And then, when you're not trying, it pops up.
Sid and I happened like that. We weren't "looking". More like, "It'll come to me eventually".
Go be yourself for a while. Truth is, you won't want a relationship in which you have to put on an act.
Sid and I married in our early thirties if that's any help.
MrsKol
01-28-2004, 12:08 AM
Weellll...ummmm....he was in his early thirties. My age is of no consequence.
Billyman
01-28-2004, 01:03 AM
Originally posted by MAC
edit:
Billy, I 'm sorry for sidetracking your thread. Everything I said her I've said elsewhere.
Are you kidding me? This thread is going great if you ask me.

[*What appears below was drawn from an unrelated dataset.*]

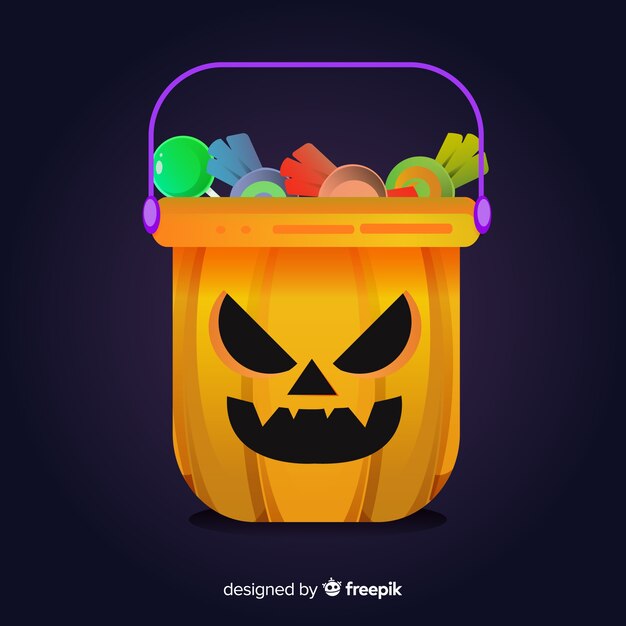 Sacchetto di caramelle colorate halloween con design piatto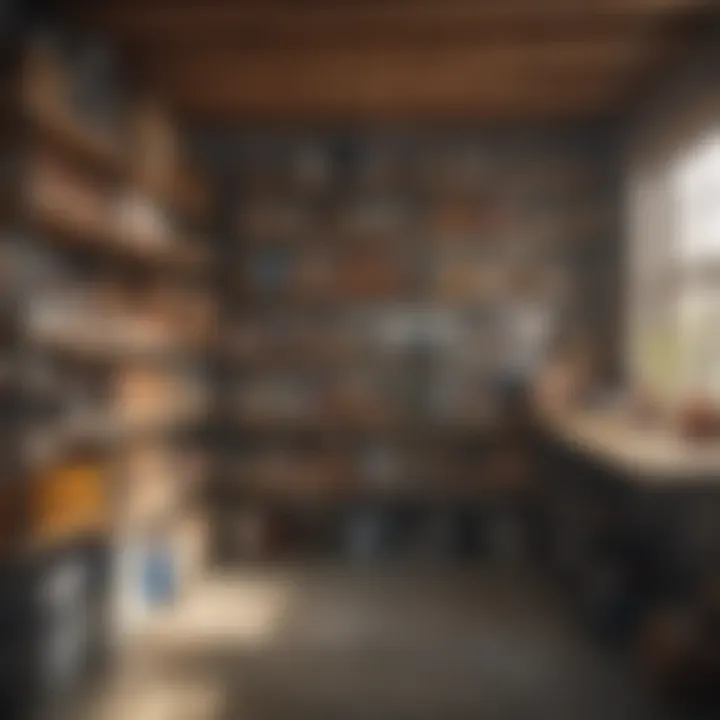 Shed interior with shelving and storage space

Since jumping back on the bandwagon, do you know how many times I’ve thought about you Mac? (not that I want to go out with you smartass) just thinking about your situation and things you’ve said in the past.
I honest can’t tell you how many women I’ve slept with, how many I’ve kissed or how many I’ve “felt up”. I was a slut, sue me. I was a kid to early adulthood with opportunities and opportunities I took. But even with all the jizz flying around, I only, whole heartedly, loved three women my entire life. One of which is dead, the other is my ex-wife and the last is my most recent ex-girlfriend.
I didn’t enter marriage expecting not to grow old with my wife, but the “end” was out of my hands and I’m still to this day baffled by that one. And to this day, Angela holds a special place in my heart and in many ways, I still love her. I don’t think anything can change that.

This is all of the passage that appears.